22 août 2016

Combien d’âmes ont été englouties dans des manifestations de rue cette dernière décennie en Guinée ? De la dizaine de morts en juin 2006 dans la contestation lycéenne, aux plus de 150 tués dans le massacre du 28 septembre 2009, en passant par la centaine de jeunes tués lors de la grève de janvier 2007, personne ne saura vous le dire avec exactitude. C’est une évidence, l’Etat guinéen et ses dirigeants ont toujours eu la main très lourde dans la répression des contestations.

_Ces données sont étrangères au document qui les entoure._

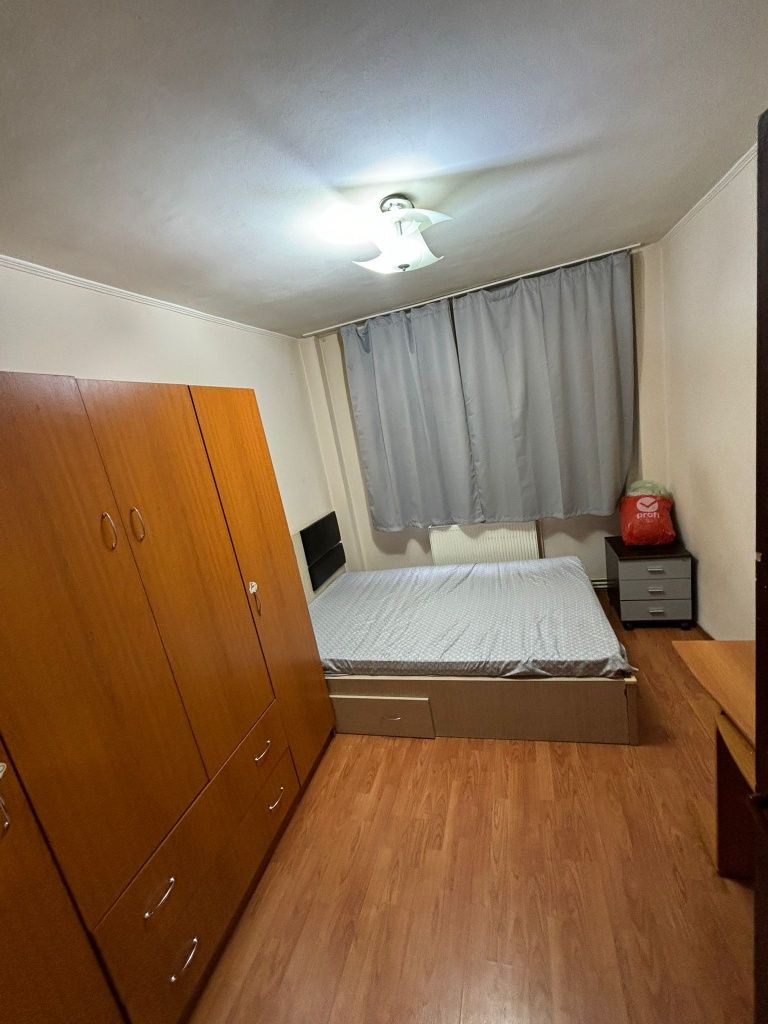 Vând apartament 3 camere Colentina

Pourtant, l’espoir que cette impitoyable et systématique répression cesse était permis avec l’arrivée au pouvoir du Pr Alpha Condé, opposant historique pendant longtemps persécuté. Cinq ans après, l’heure est au désenchantement pour moi. Surtout que ce vendredi 15 mai 2015, j’ai assisté à l’inhumation des 63ème et 64ème jeunes tués dans les manifestations de rue de l’opposition sous la présidence de l’ancien opposant. Les six marches organisées par les opposants depuis le 20 avril pour demander l’inversion du calendrier électoral, se sont soldées par une demi-dizaine de morts. Le scénario se répète. Sauf que ce n’est plus la garde présidentielle qui tire sur les manifestants, mais la police et la gendarmerie nationale.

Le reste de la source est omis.